Hint: To solve this question we use the basic theory of chapter circles as discussed below. As we know the perpendicular to the chord from the centre of the circle bisects the angle of a circle and also a perpendicular dropped from the centre of the circle to a chord bisects it. It means that both the halves of the chords are equal in length. By using these we will be able to solve this question.

Complete step-by-step answer:
Given a chord of length $2\sqrt 3 $ makes an angle 2$\dfrac{\pi }{{\text{3}}}$ at the centre.

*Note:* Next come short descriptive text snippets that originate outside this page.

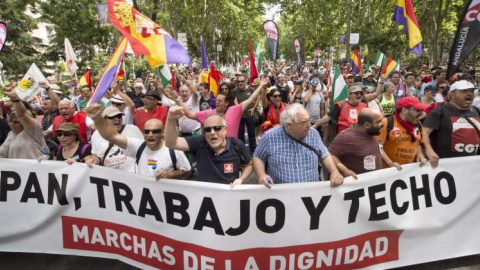 Imagen de una manifestación de las 'Marchas por la Dignidad' celebradas en toda España en 2017. EFE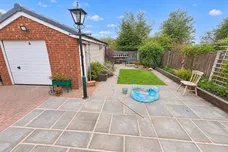 Eastbourne Avenue, Featherstone, PONTEFRACT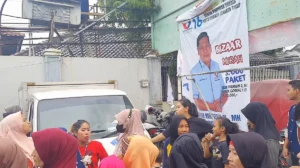 Ribuan Warga Monas Serbu Bazar Rakyat, Paket Sembako Berisi Beras, Ayam, dan Gamis Membuat Geger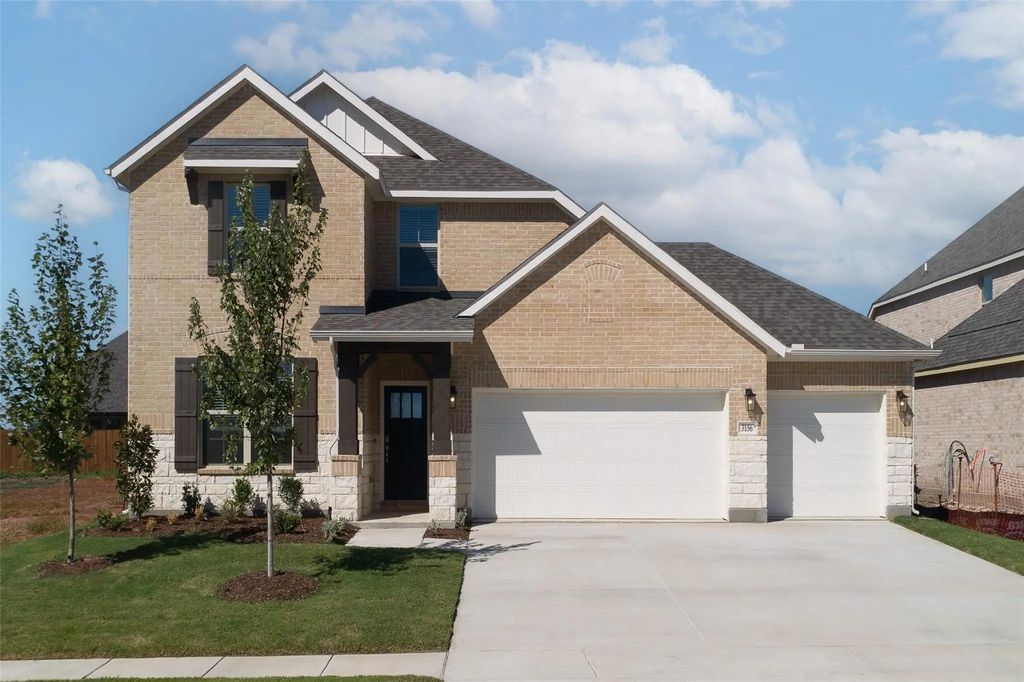 3156 Patrinia Street, Royse City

we have to find the area of circle:

According to question-
$\angle {\text{AOC = }}$2$\dfrac{\pi }{{\text{3}}}$
And AC= $2\sqrt 3 $
Draw OB$ \bot $AC
Which results, AB= $\sqrt 3 $
And $\angle {\text{AOB = }}$$\dfrac{{\text{pi }}}{{\text{3}}}$
As we know, the sum of all interior angles of a triangle is ${180^0}$ always.

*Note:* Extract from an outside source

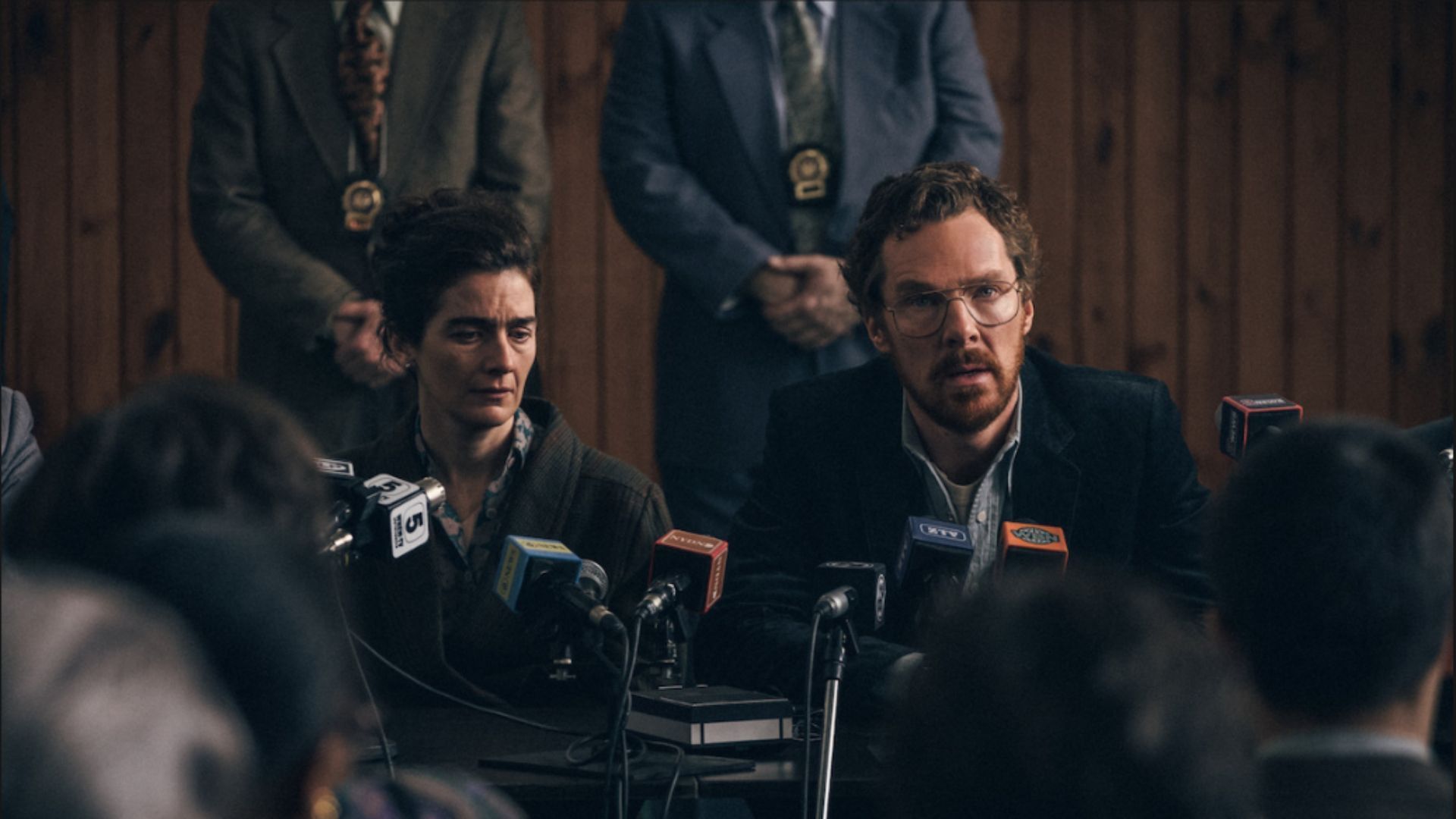 Gaby Hoffmann and Benedict Cumberbatch (Image via Netflix)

So, $\angle {\text{OAB = }}$$\dfrac{\pi }{6}$
Now, in $\Delta {\text{OBA}}$, OB$ \bot $AB
$ \Rightarrow $cos$\dfrac{\pi }{6}$= $\dfrac{{{\text{AB}}}}{{{\text{OA}}}}$
$ \Rightarrow $$\dfrac{{\sqrt 3 }}{2}$= \[\dfrac{{\sqrt 3 }}{{{\text{OA}}}}\]
$ \Rightarrow $OA= 2
So, the radius of the given circle is 2 units.
Its area= $\pi {{\text{r}}^{\text{2}}}$
= $\pi \times {{\text{2}}^{\text{2}}}$
= ${\text{4}}\pi $
Therefore, Area of a circle in which a chord of length root $2\sqrt 3 $ makes an angle 2$\dfrac{\pi }{{\text{3}}}$ at the centre is ${\text{4}}\pi $.


Note- The chord is a line segment that joins two points on the circumference of the circle. A chord only covers the part inside the circle. And diameter is also considered as a chord of the circle. The diameter is the longest chord possible in a circle and it divides the circle into two equal segments.